Now that high school is over, it's time to start thinking about the next step – college! But are you ready? According to recent statistics, a shocking number of American students lack essential math and reading skills necessary for college success. But preparing for college is more than basic academic knowledge. Here's what you need to know and do to ensure you start college off on the right foot.

Sep 6, 2023
  • Student Tips
Are You Prepared for College?

In April, the National Assessment of Educational Progress (NAEP - commonly known s the Nation's Report Card) revealed that only a quarter of American 12th-graders had proficient math skills and just under 40% demonstrated college-level preparedness in reading. These dire statistics mean that many high schoolers could be heading to university without essential academic skills. The take-away? Before heading off to campus this fall, brush up on your multiplication tables and grammar lessons. But, more importantly, success in college doesn't rely solely on the ability to read and compute, and students matriculating this autumn should make sure they're prepared for all of the rigors of university studies. Here's how you can make sure that you're ready for college and have the right tools for success!

1. Read, read, read!
If you're like most high school seniors, you've probably been given a copy of Dr. Suess' Oh, the Places You'll Go. But in another of the beloved author's books, Suess declared that “the more that you read, the more things you will know. The more that you learn, the more places you'll go.” Indeed, tests like the NAEP try to quantify academic skills like reading, but the reality is that students who read, succeed. And not just in literary subjects. Reading comprehension is an essential skill for all majors and one that many college instructors report incoming freshmen lack. Reading can make you a better writer, which will be important for literature and biology majors alike. And reading can also help students build expertise and passion for subjects, which in turn make them better students. But reading at the college level isn't just about comprehending the words on the page – college students are also expected to understand context and subtext, and have the ability to discuss and analyze the subject matter. Practice your college-ready reading skills over the summer by reading widely in a range of genres and subjects. Visit your local library, join a book club, or look online for recommendations. Goodreads has a variety of collections, or you could try this list of must-reads for college students.
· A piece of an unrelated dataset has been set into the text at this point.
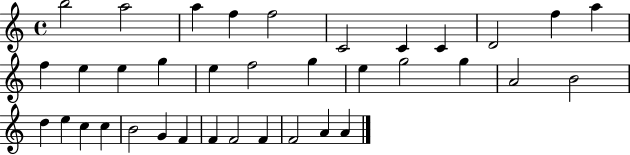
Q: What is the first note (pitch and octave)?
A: B5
Mann in Bücherei mit lebhafter Fantasie

2. Try teamwork
There was a time when college courses were more focused on individual achievements, but in the modern university, teamwork is key. Whether it's contributing to a class discussion, participating in a group project, or organizing a collaborative study session, college students will find that one of the most challenging aspects of their university studies is working with other students. College courses often stress teamwork because it's a valuable and, increasingly, necessary skill in the professional world. Prepare for collegiate collaboration by joining the marching band, participating in the debate team, or playing doubles tennis during your extracurricular activities. Or look for group service opportunities like Habitat for Humanity or Relay for Life that require cooperation and communication.

Students showing teamwork

3. Build concentration
We live, and learn, in a world full of instant gratification and constantly updating information. But college courses require students to focus on and absorb in-depth material. Many in-coming college students find it difficult to concentrate on coursework or assignments because college work is often more independent and extended that what they experienced in high school. And concentration skills are often coupled with time-management. Start practicing both now because you won't have time to experiment and find the best system once you're on campus. Develop a good system for keeping track of assignments, identify how much time you need to accomplish specific tasks, and learn what helps, and hinders, your concentration. Don't be afraid to ask for help or clarification, and never hesitate to reread a passage, proofread a paragraph, or rework a problem.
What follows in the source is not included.